An initiative to bar sex offenders from county fairs deserves lawmakers’ consideration. Let them also consider a comprehensive, common-sense revision so all other loopholes are closed at the same time.

Published: Thursday, March 27, 2014 1:15 a.m. CDT • Updated: Thursday, March 27, 2014 9:02 a.m. CDT

Of the more than 2,000 bills introduced this session of the Illinois General Assembly, one that would bar registered sex offenders from attending county fairs deserves a “fair” hearing.

The bill has its roots in a situation that was observed this past August at the Whiteside County Fair in Morrison.

It was there that Seth Janssen, a Whiteside County deputy sheriff, saw something that disturbed him as he manned a fair booth.

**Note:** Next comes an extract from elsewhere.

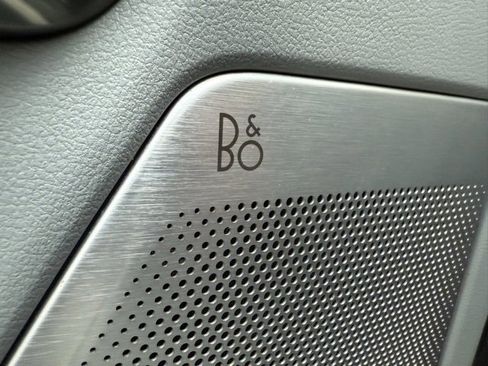 Used 2022 Ford F150 Limited image 15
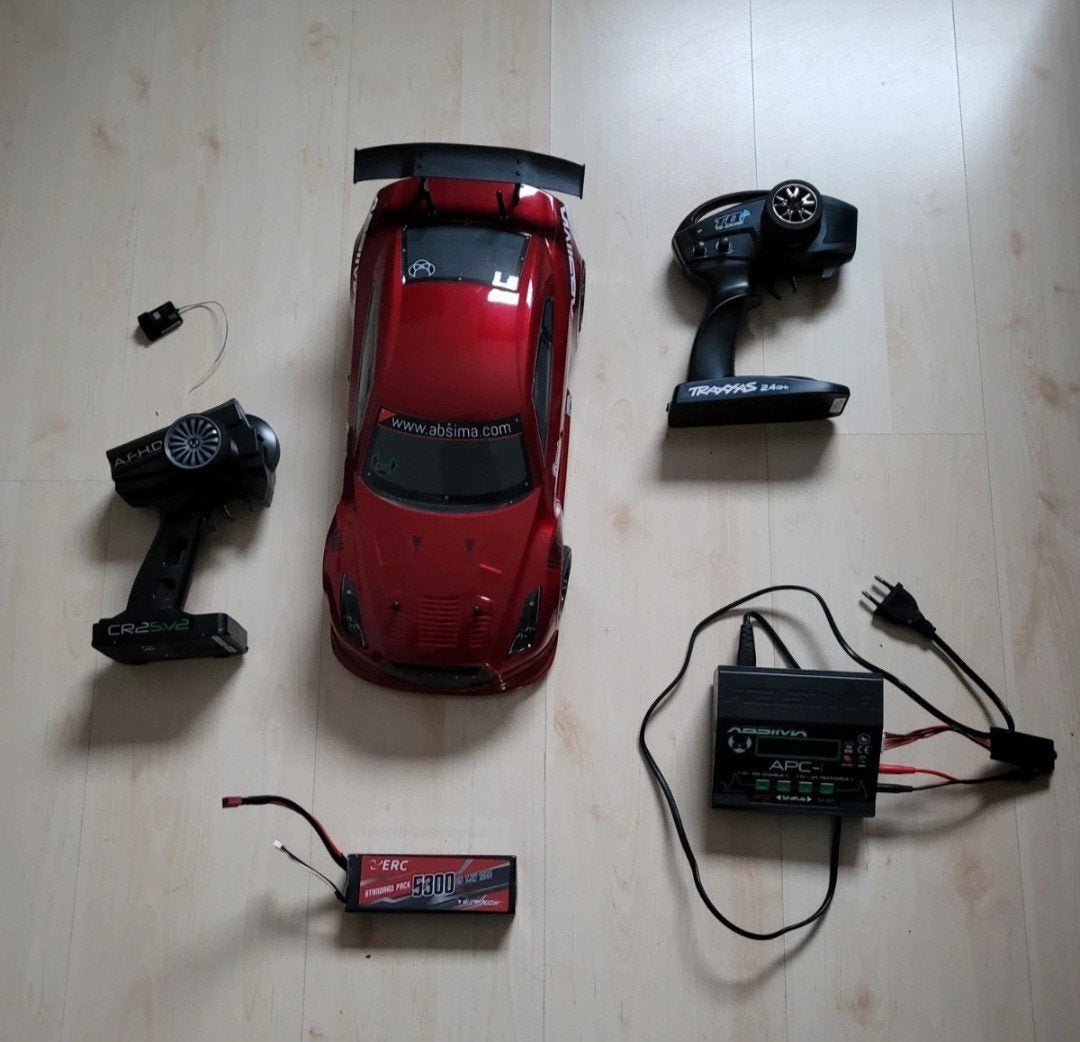 RC Auto Absima met Traxxas controller, accu en lader, Hobby en Vrije tijd, Modelbouw | Radiografisch | Auto's, Elektro, Gebruikt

Janssen recognized a sex offender working at a separate booth. The offender, who was then awaiting sentencing for violating the sex offender registration act, was interacting with a young girl.

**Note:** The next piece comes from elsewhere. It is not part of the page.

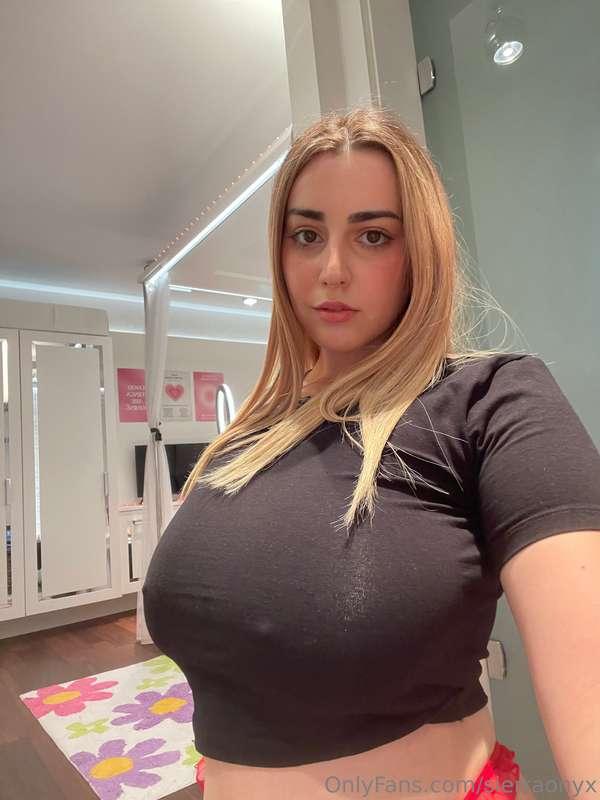 Beautiful selfies for you today! I want to wish you a good d..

Janssen notified State’s Attorney Trish Joyce about what he saw.

Current law states that registered sex offenders “can’t knowingly operate, manage, be associated with, or be employed by the county fair when persons under 18 are present.”

The statute is not restrictive enough to cover the behavior witnessed by the deputy.

Uneasy about that, Janssen, Joyce, and Sheriff Kelly Wilhelmi got behind an effort to tighten the law to further protect children from sex offenders.

The legislation that they support, sponsored by state Rep. Mike Smiddy, D-Hillsdale, would prohibit sex offenders from going to any county fair, period, or being within 500 feet of one.

Janssen, Joyce and Wilhelmi were scheduled to testify in favor of the bill earlier this week in Springfield. And we certainly hope that the bill to ban sex offenders from county fairs receives a “fair” hearing from legislators.

The bill prompts the question, Why was this situation not included in the original legislation that prohibits sex offenders from being in close proximity to children?

Are there other circumstances, waiting to be observed by sharp-eyed law enforcement officers, that should be included in the list of forbidden places for sex offenders?

And frankly, where does the state draw the line so it does not go too far in legislating such things?

This is a discussion that legislators, law enforcement, and prosecutors should have.

We encourage legislators and law enforcement personnel to put together a comprehensive, common-sense revision of the law, rather than be content with only a piecemeal approach.